# Saddle sores and skin tears



## Paul Walters (18 Jun 2019)

Anyone of a fussy disposition, please leave now!

Anyone suffered from skin fissures around their anus after frequent cycling? I seem to have developed a small fissure between my bum-cheeks, which heals nicely if I'm off the bike, but becomes sore and bloody post-ride.

I am fastidious about personal hygiene, so there's no chance it can be due to lapses there, and I've wondered if, at 51, my skin has lost some of its elasticity and is tearing rather than stretching when I sit on the saddle?
I don't have any discomfort during the ride, but afterwards, when showering, I find blood on the towel. The symptoms persist for a few days and only clear with rest. Treating with Bepantham cream seems to help, but once I get back on the bike, the split reappears.

Anyone got any experience of this, or can offer any suggestions? If it continues much longer, I will speak with my GP, but trying to avoid that at this point.


----------



## HarryTheDog (18 Jun 2019)

Are you using a chamois cream, it does help. for a long ride I uses Assos cream. You can go down the route of different saddle/shorts etc as well but if not using cream I would start there. a lot of people use Sudocrem as its readily available and cheaper.


----------



## byegad (18 Jun 2019)

Recumbent. Problem solved.


----------



## DCLane (18 Jun 2019)

My suggestion would be a dermatologist to help here I'm afraid.

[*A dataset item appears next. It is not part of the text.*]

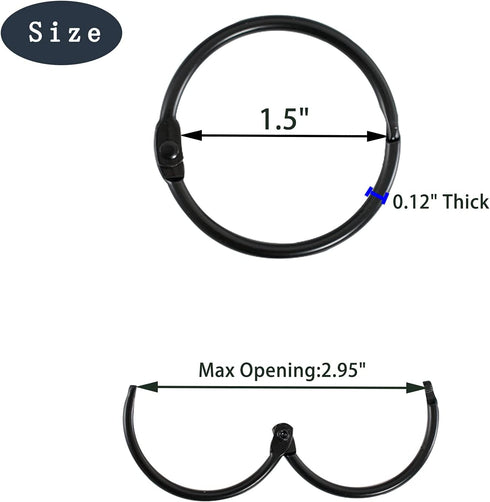 36pcs Shower Curtain Rings, Rust-Resistant Metal Round Hooks for Bathroom Rod Curtains, Movable Clasp (Black)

The only other thoughts are to echo a good chamois cream - I use Veloskin on really long (300km+) rides.

Alternatively, and it's an odd one; is your saddle too wide and therefore stretching the skin?


----------



## Cycleops (18 Jun 2019)

Dont really know what's going on there. I'd try using some shorts with a padded liner.
As above maybe your saddle could be the problem, one with a cut out might help.


----------



## Globalti (18 Jun 2019)

It's nothing to be embarrassed about; lots of people suffer from anal fissures and bleeding. The important thing is not to allow them to become chronic or infected. I would be inclined to show it to my GP just to check there isn't a bad fissure, which may need surgical attention. I say that because my poor Dad suffered terribly with fissures and piles and was diagnosed with lower rectal cancer at a very young age. 

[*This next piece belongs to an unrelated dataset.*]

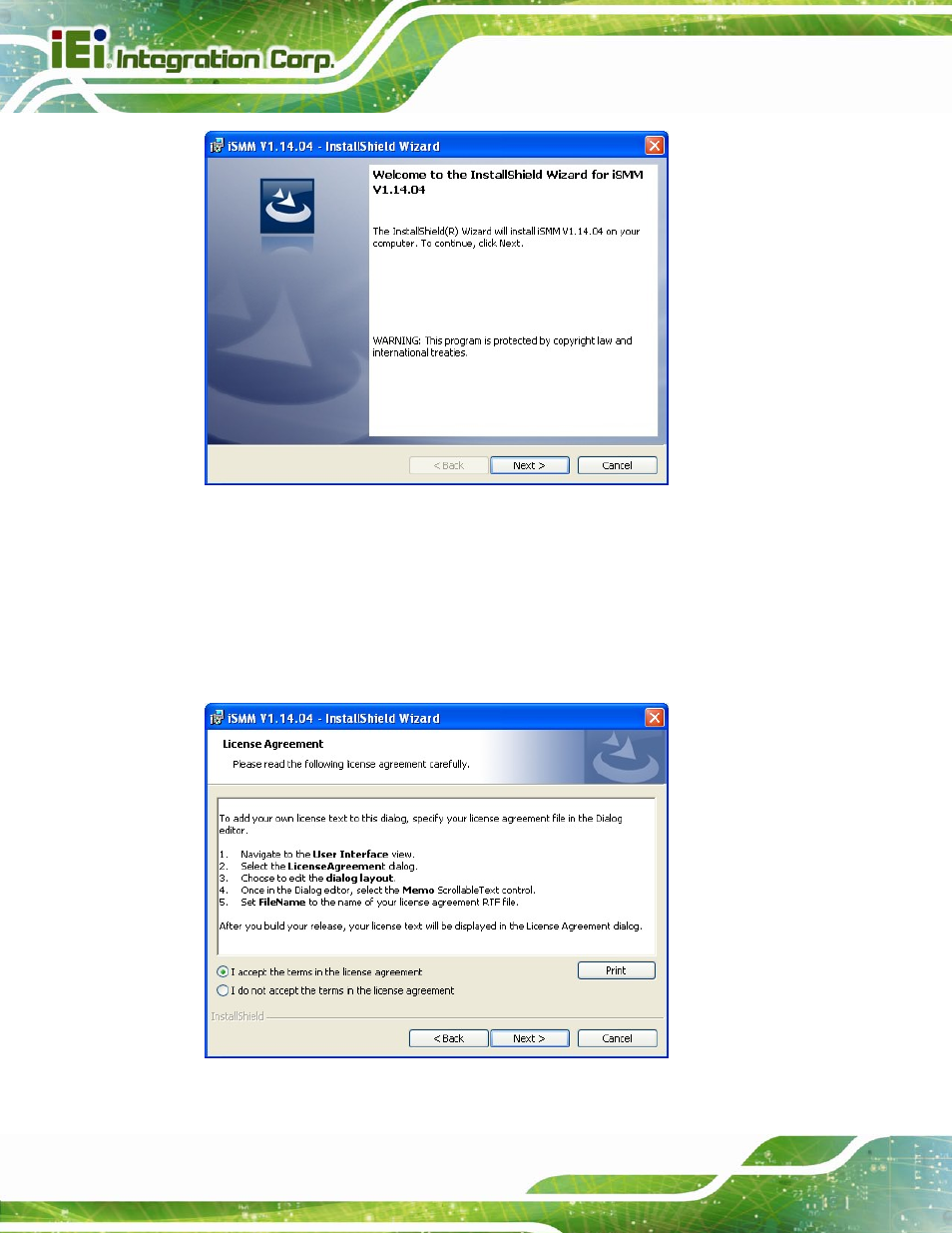 Figure 6-30: ismm installation welcome screen, Figure 6-31: ismm license agreement | IEI Integration IMBA-C604EP User Manual | Page 146 / 212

Are you using padded shorts? Some cheaper pads (they come from a limited number of pad manufacturers) have a quite coarse covering, which I find irritating especially in wet conditions when the area gets soaked and the skin softens. Are you sweating a lot? That will soften and irritate the skin. Try riding cooler with less clothing. What kind of saddle do you use? It's always worth experimenting with saddles; I swear by Charge Spoon and Knife saddles, which have a flattish back to support the sit bones but a reasonable "cup" shape to cradle them. 

What about the saddle position? There are three aspects of the position you can change; height, reach and angle. Could you post a picture of the bike on here, taken from the side?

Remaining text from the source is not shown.